Manual Flush() or CompactRange() can stall in 7.04, 7.3.1, 8.67, 9.7 #13280
Description
It is possible to stall/hang the thread calling Flush() or CompactRange if min_write_buffer_number_to_merge is greater than 1. We previously used v6.20.3 which never had this problem.
Expected behavior
Calls to Flush() or CompactRange() never stall/hang calling thread when min_write_buffer_number_to_merge is greater than 1.
Actual behavior
rocksdb::DBImpl::WaitForFlushMemTables() will wait forever, or until some other activity causes a buffer omitted by PickMemtablesToFlush() to flush.
Steps to reproduce the behavior
Stack trace of the hung thread in v7.3.1 looks like this:
#6 0x00007febda17b9ad in rocksdb::DBImpl::WaitForFlushMemTables (this=0x7feb04cc9300, cfds=..., flush_memtable_ids=..., resuming_from_bg_err=false) at /stardog/libs/rocksdb/db/db_impl/db_impl_compaction_flush.cc:2355
#7 0x00007febda17a1d7 in rocksdb::DBImpl::FlushMemTable (this=0x7feb04cc9300, cfd=0x7febd127c140, flush_options=..., flush_reason=rocksdb::FlushReason::kManualFlush, writes_stopped=false) at /stardog/libs/rocksdb/db/db_impl/db_impl_compaction_flush.cc:2101
#8 0x00007febda177dfb in rocksdb::DBImpl::Flush (this=0x7feb04cc9300, flush_options=..., column_family=0x7fecfeb9b650) at /stardog/libs/rocksdb/db/db_impl/db_impl_compaction_flush.cc:1711
#9 0x00007febd9f4d612 in rocksdb::StackableDB::Flush (this=0x7febd394eeb0, fopts=..., column_family=0x7fecfeb9b650) at /home/mmaszewski/.gradle/caches/8.11/transforms/da103af47e391520fee616b7e7f114b5/transformed/cpp-api-headers/rocksdb/utilities/stackable_db.h:344
Call sequence of background thread looks like this:
FlushMemTableToOutputFile needs_to_sync_closed_wals 1, GetLatestMemTableID 101 (~line 194 db_impl_compaction_flush.cc)
FlushMemTableToOutputFile-2 needs_to_sync_closed_wals 1, GetLatestMemTableID 102 (~line 231 db_impl_compaction_flush.cc)
break in PickMemtablesToFlush: GetID 102, max_memtable_id 101 (~line 365 in memtable_list.cc)
The background thread will not schedule a follow-up flush job because IsFlushPending() (~line 332 memtable_list.cc) sees that the num_flush_not_started_ is less than min_write_buffer_number_to_merge_.
Calling SyncWAL() immediately prior to Flush() or CompactRange() is not reliable.
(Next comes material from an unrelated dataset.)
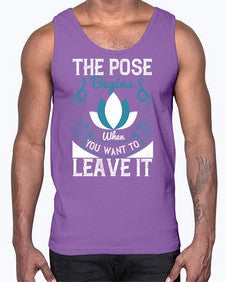 the pose begins when you want to leave it  560#- yoga- Cotton Tank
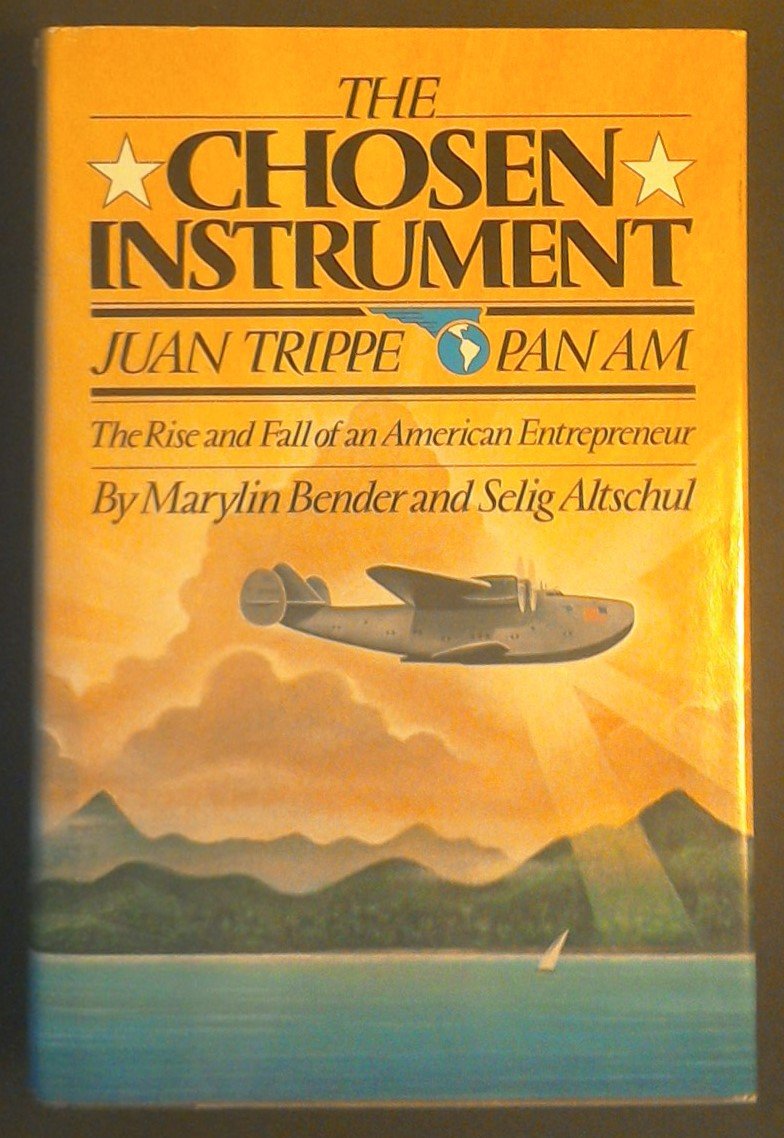 The Chosen Instrument: Pan Am, Juan Trippe, The Rise and Fal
Works sometimes, sometimes not.
Only known workaround at this point is setting min_write_buffer_number_to_merge to 1.
I am currently looking for ways to enhance IsFlushPending() to override the comparison of num_flush_not_started_ to min_write_buffer_to_merge_ if manual flush/compact active.